Offering visitors chocolates was the closest Livni came to the political backslapping needed to succeed in most any democracy.

Tzipi Livni casts her Kadima primary vote in Tel Aviv 370 (photo credit: LAHAV HARKOV)
Tzipi Livni casts her Kadima primary vote in Tel Aviv 370
(photo credit: LAHAV HARKOV)
Movie character Forrest Gump popularized several expressions that remain part of public discourse 18 years after the movie came out.
Two of them could apply to former opposition leader Tzipi Livni, who quit the Knesset and at least temporarily left public life on Tuesday: “Just keep running,” and “Life is like a box of chocolates. You never know what you’re gonna get.”
Livni kept chocolates in her desk drawer at her offices in Jerusalem and Tel Aviv. She shared them with visitors and munched on them when her busy schedule did not leave her time for regular meals.
Those chocolates were the closest she came to the political bribery and backslapping politicians often need to succeed in most any democracy.
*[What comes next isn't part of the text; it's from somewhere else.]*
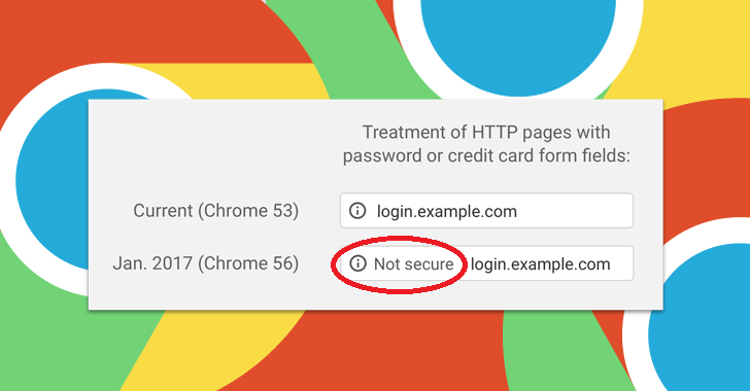 Chrome 56 добавит функцию HTTP Not Secure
On the one hand, Livni’s colleagues credited her for trying to remain above the fray. But on the other, they said her unwillingness to play the political game ended up hurting the constituents she purported to serve.
Politics is a profession that requires compromise in order to achieve goals for the greater good. There is a fine line between protecting one’s integrity and letting voters down.
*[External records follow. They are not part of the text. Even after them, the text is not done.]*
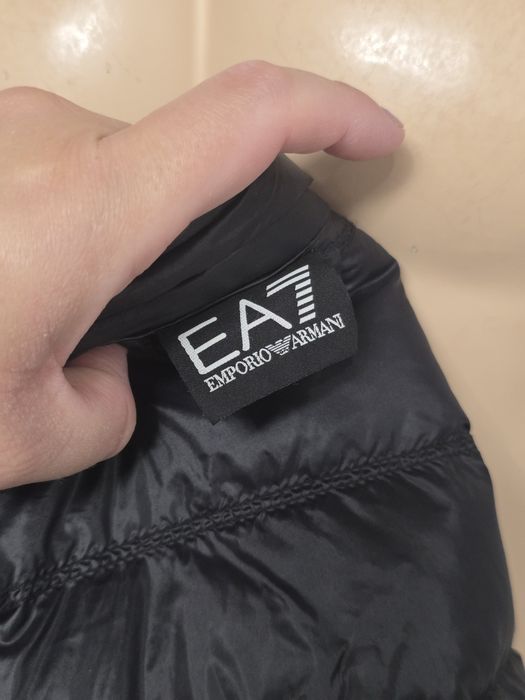 EA7 Emporio Armani męska kurtka puchowa kaczy puch czarna L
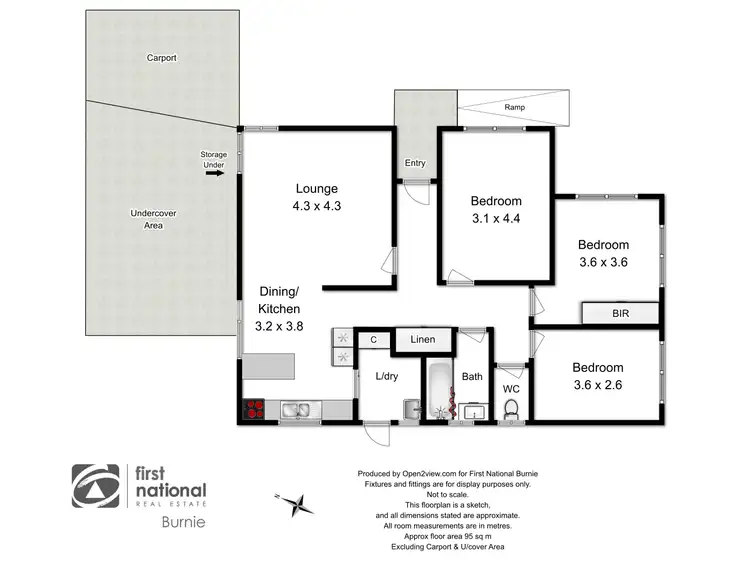 Floorplan of Homely house listing, 103 Pelissier Street, Somerset TAS 7322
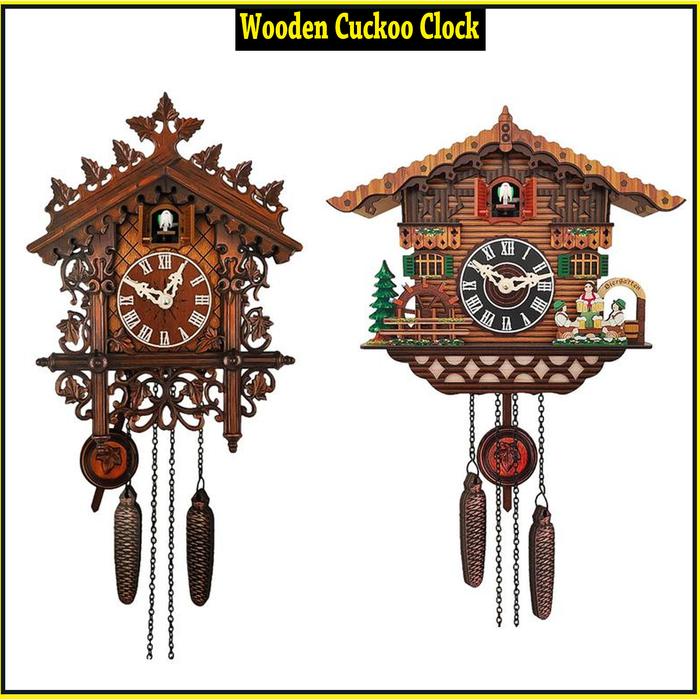 Cuckoo Quartz Wall Clock Modern Bird Home Living Room Hanging Watch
The content of the negotiations Livni conducted with former Palestinian prime minister Ahmed Qurei when she was foreign minister remain a secret. What compromises she made there are unknown, but based on speeches she has delivered, she was clearly willing to take steps that would have displaced tens of thousands of Jews from their homes in Judea and Samaria.
Had Livni also been willing to compromise with Prime Minister Binyamin Netanyahu, she could have entered his government and kept on negotiating with the Palestinians. Who knows what kind of agreement could have been reached? Perhaps she could also have enabled changes to the political system that could have ended the very political extortion she condemned so strongly in her resignation speech.
With matters of religion and state likely to play more of a role in the next election, it will be harder for Netanyahu, if he gets reelected, to justify bringing Shas into his next coalition.
Chances are, he would prefer to form a national-unity government with Kadima.
Such a government became more likely when Kadima members voted in MK Shaul Mofaz to replace Livni, who could not get along with Netanyahu. Ironically her very absence from politics could boost chances of advancing the peace process and other issues dear to her.
Livni left open the possibility of returning to politics. If Mofaz fares badly in the next general election, she might sweep back in and run again for the Kadima leadership.
In politics, as in life, every eventuality is theoretically possible.
You really don’t know what you’re gonna get. That is one of the things that drives politicians to keep going.
The advice that Gump’s mother gave him was to “just keep running.” Kadima’s founder, former prime minister Ariel Sharon, gave younger politicians similar advice, telling them to “keep your hands on the wheel until you get back on top.”
At least Livni will have plenty of time now to eat more nutritiously.